[Short web captions]
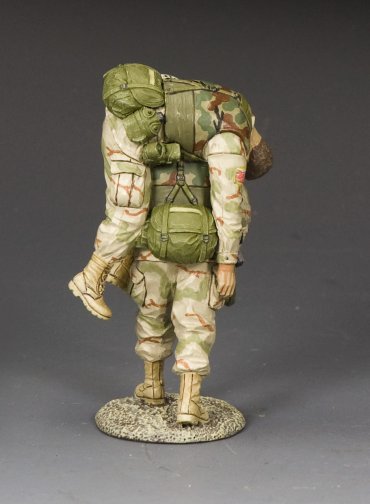 Rear view of Model of a soldier with a backpack on a gray background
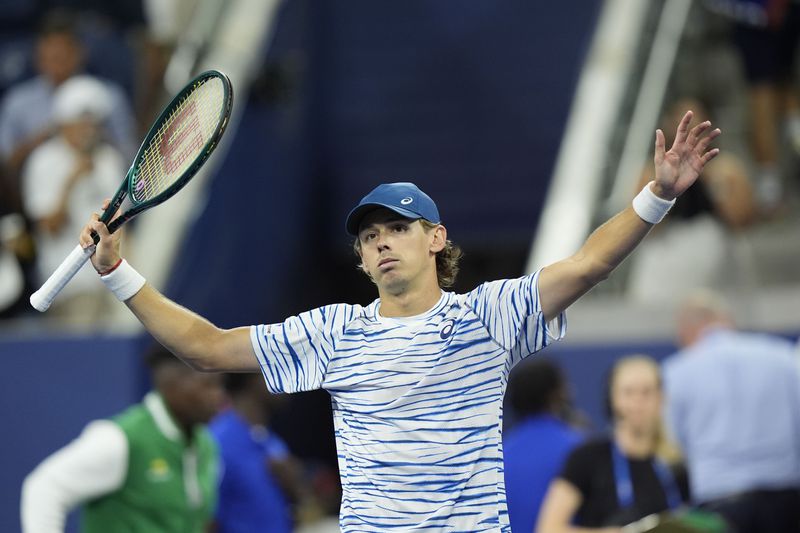 Alex de Minaur, of Australia, eacts after defeating Jordan Thompson, of Australia, during a fourth round match of the U.S. Open tennis championships, Monday, Sept. 2, 2024, in New York. (AP Photo/Eduardo Munoz Alvarez)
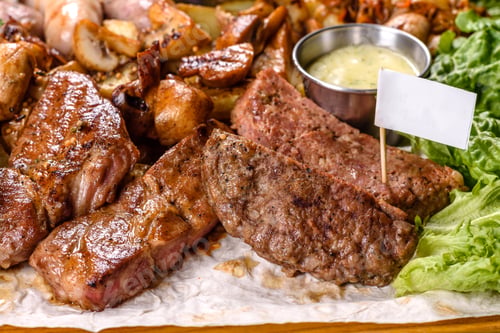 Preview: Several types of roasted meat with spices and herbs on a wooden tray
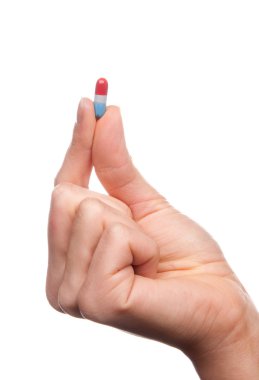 Hand hold medical painkiller pill capsule medicine in red and bl clipart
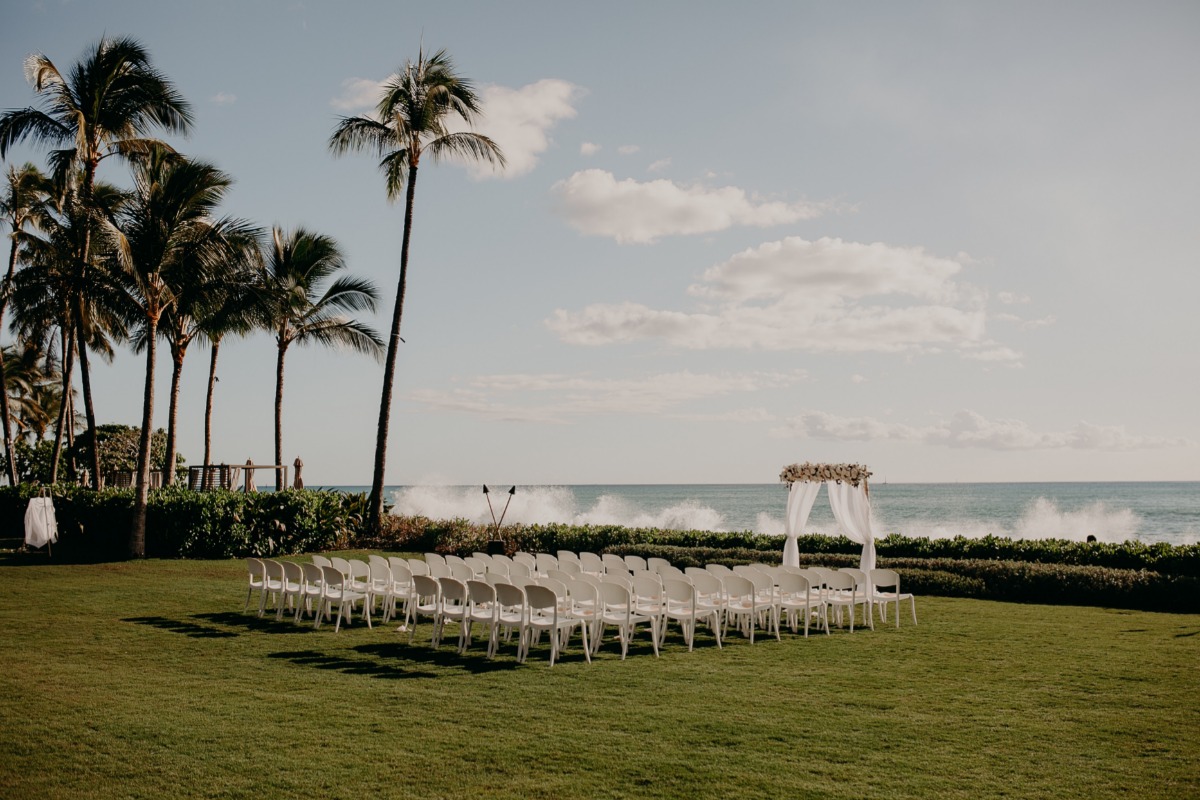 Tropical wedding venue with ocean backdrop and palm trees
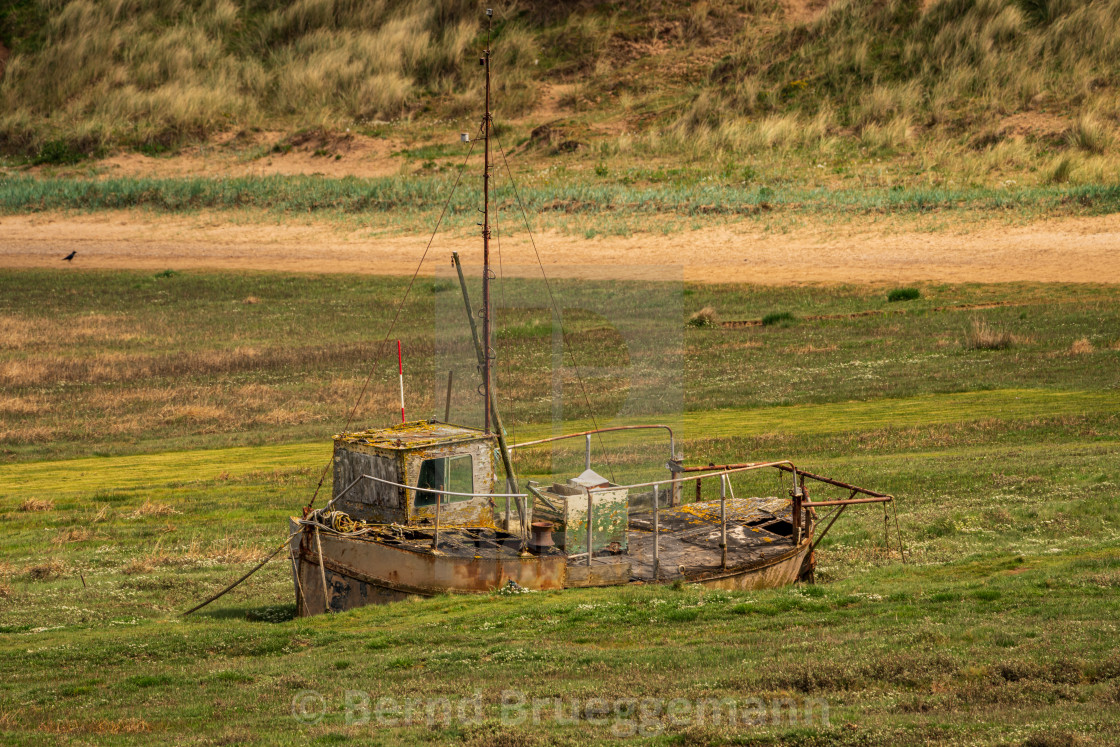 "A damaged Boat in the grass, seen in Askam-in-Furness, Cumbria," stock image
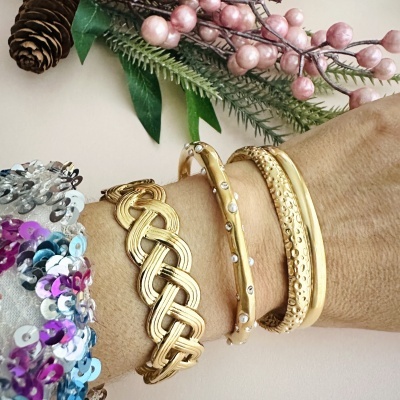 Pulseiras douradas com diferentes texturas e padrões num pulso com fundo natural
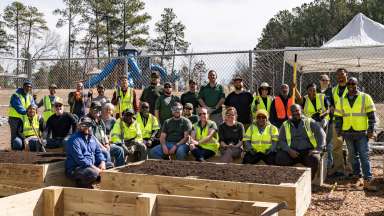 a group of volunteers after completing a garden build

TASK OBJECTIVE
Word for word, output the lines from the line bearing "Preview: Several types" through the end of the records above, and only those, without the pictures.

WRITTEN ANSWER
 Preview: Several types of roasted meat with spices and herbs on a wooden tray
 Hand hold medical painkiller pill capsule medicine in red and bl clipart
 Tropical wedding venue with ocean backdrop and palm trees
 "A damaged Boat in the grass, seen in Askam-in-Furness, Cumbria," stock image
 Pulseiras douradas com diferentes texturas e padrões num pulso com fundo natural
 a group of volunteers after completing a garden build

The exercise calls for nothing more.